Dancing around the topic of killing enemies has just reached an all-time high (low).
Even twenty years ago the Army used phrases such as "neutralizing the enemy" and catchwords like "interdiction". Obviously, you "neutralize" smeone by causing their heart to cease functioning. And "interdiction" actually refers to forbidding something. You "interdict" a convoy by blowing it off the road. The sniper course was (is?) called the Special Operations Target Interdiction Course. You "interdict" your target by blowing his brains out.
Word games have been around for a very long time. They make it easier for soldiers to do what they must, and easier for generals to explain to reporters what their troops have done or are about to do.
But word games have just now passed ridiculous. Here is the description from Army.mil of the "mission" of the M-240B. I placed mission in quotes because I'm still not convinced that an inanimate piece of equipment has a mission to call its own. Anyway, here it is:
Deter, and if necessary, compel adversaries by enabling individuals and small units to engage targets with accurate, lethal, direct automatic fire.
Any guesses as to what an M-240 is? Sounds pretty high speed.

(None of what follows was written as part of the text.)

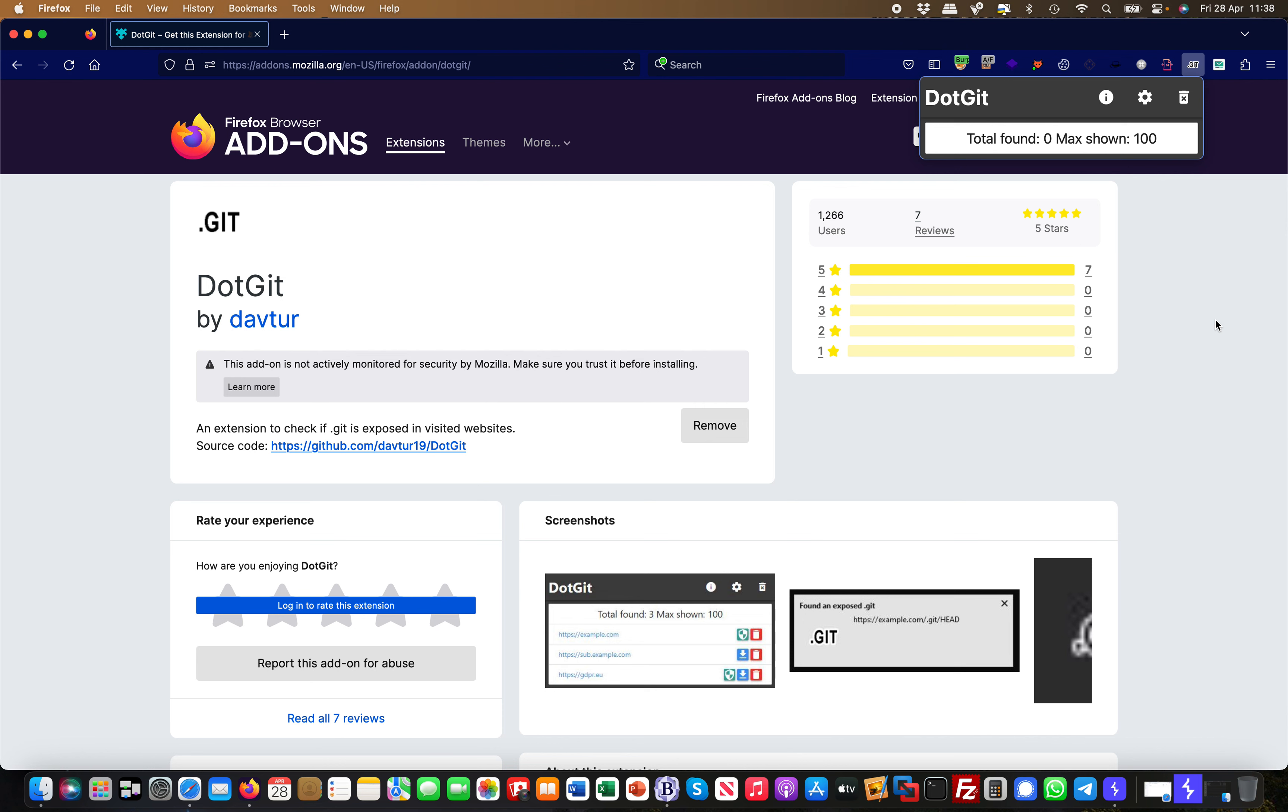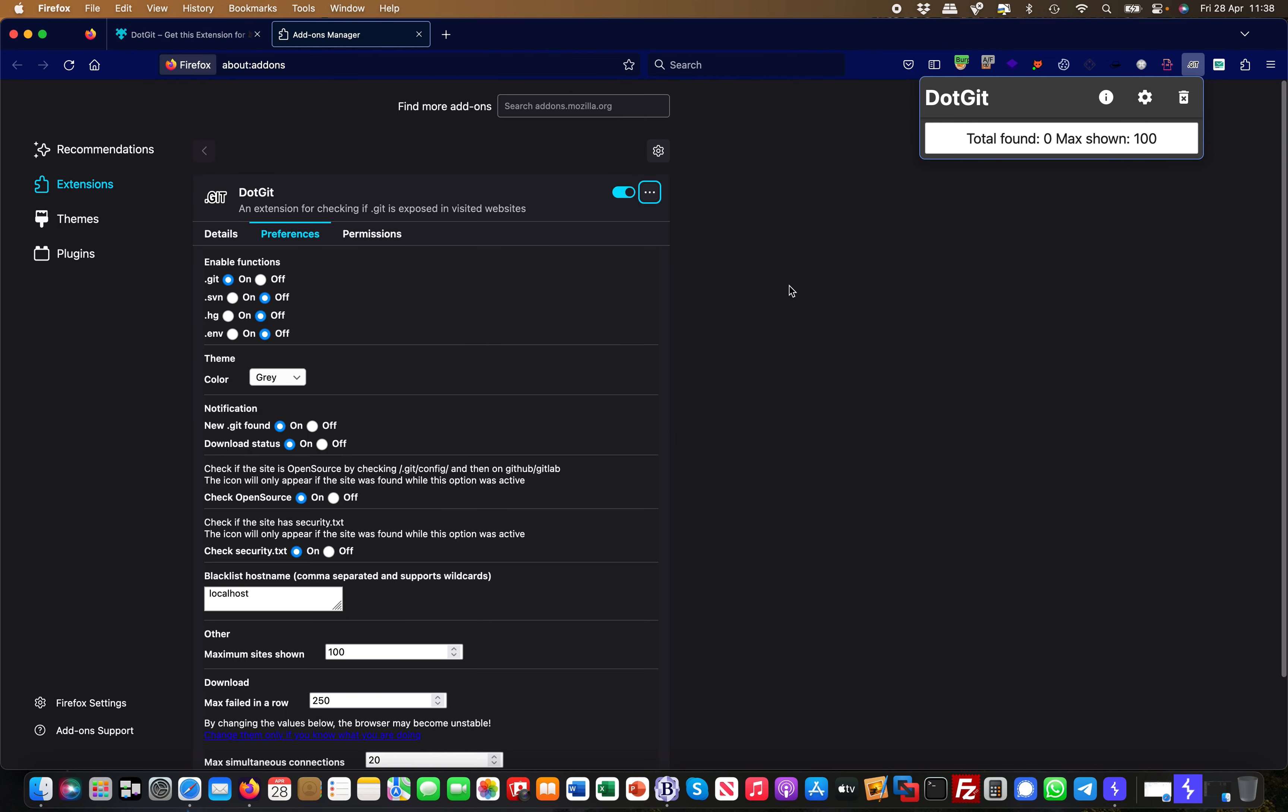You can do this manually, obviously, like you can browse to .git and stuff like that. But this does it automatically for you, and not only that—the default extension is .git but also SVNs, HGs, environmental variables, and stuff like that.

It's a machine gun. As such, it's "mission" is to perforate enemies and ensure that they give their lives for their cause. "Deter, and if necessary, compel"?? Screw that. The purpose of a machine gun is to kill as many enemy as possible and "compel" the remainder to keep their heads down until US troops can figure out another way to kill them.
The article goes on to say that the M-240 "delivers more energy to the target than the smaller caliber M-249 SAW". That's the Army's way of admitting that the 40-year love affair with the 5.56mm round might be nearing an end. The M-240 fires a .30 caliber round while the M-249 fires the same .22 caliber round as the M-16. Troops have been complaining about the M-16s lack of knockdown power since Day One.
Anyway, not to lapse into the whole debate over calibers, etc. I just found the "mission" statement something I couldn't let go without comment.